* **Problem details**
Could you set down exactly the lines in the records below between the line holding "Генштаб: за добу" and the line holding "Нарешті то весна Будь-яка 4", inclusive?

* **Source information**
▼
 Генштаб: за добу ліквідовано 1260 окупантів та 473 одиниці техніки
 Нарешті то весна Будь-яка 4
▲
▼
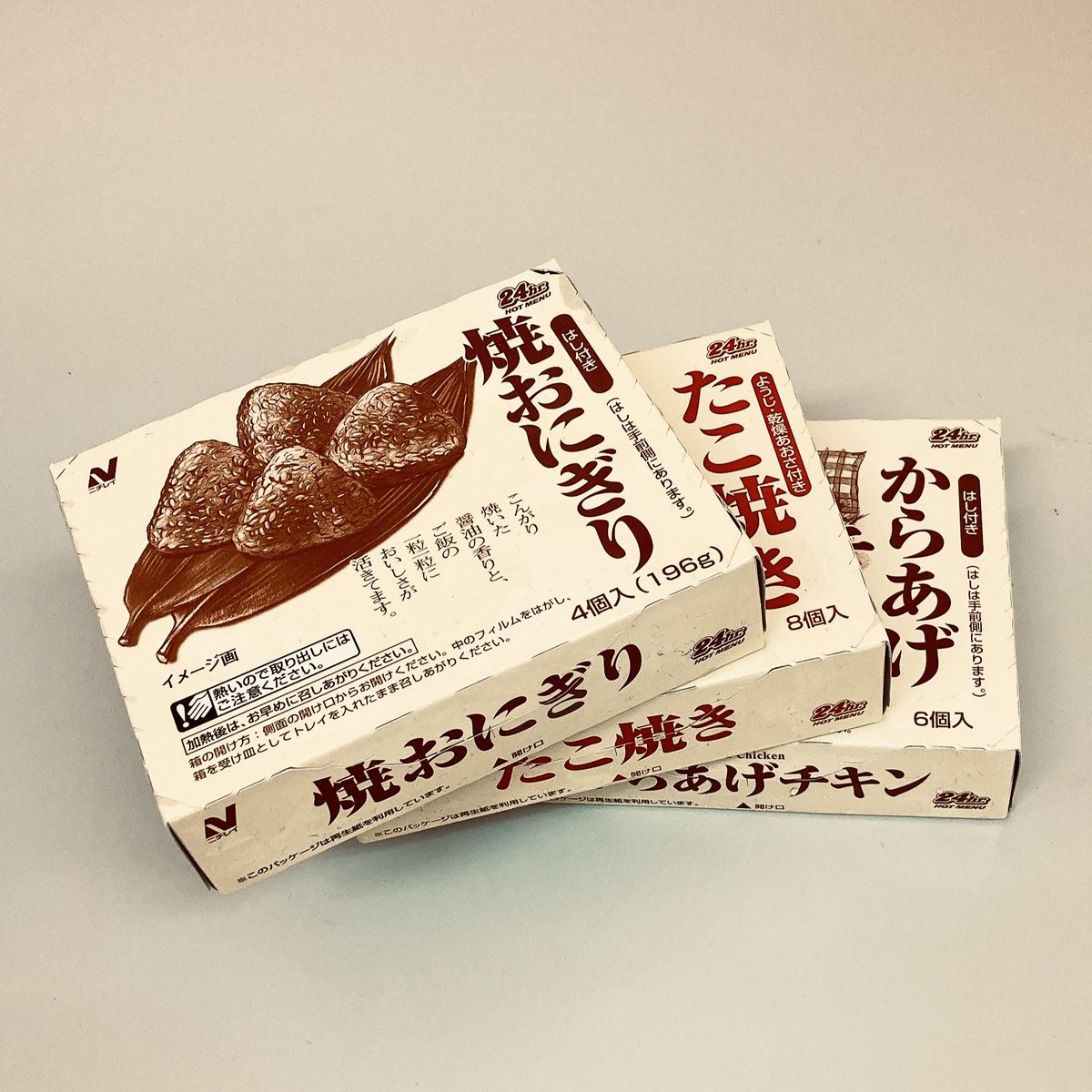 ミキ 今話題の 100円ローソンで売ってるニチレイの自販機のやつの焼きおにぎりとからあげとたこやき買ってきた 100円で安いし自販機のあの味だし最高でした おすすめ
▲
* **Task result**
 Генштаб: за добу ліквідовано 1260 окупантів та 473 одиниці техніки
 Нарешті то весна Будь-яка 4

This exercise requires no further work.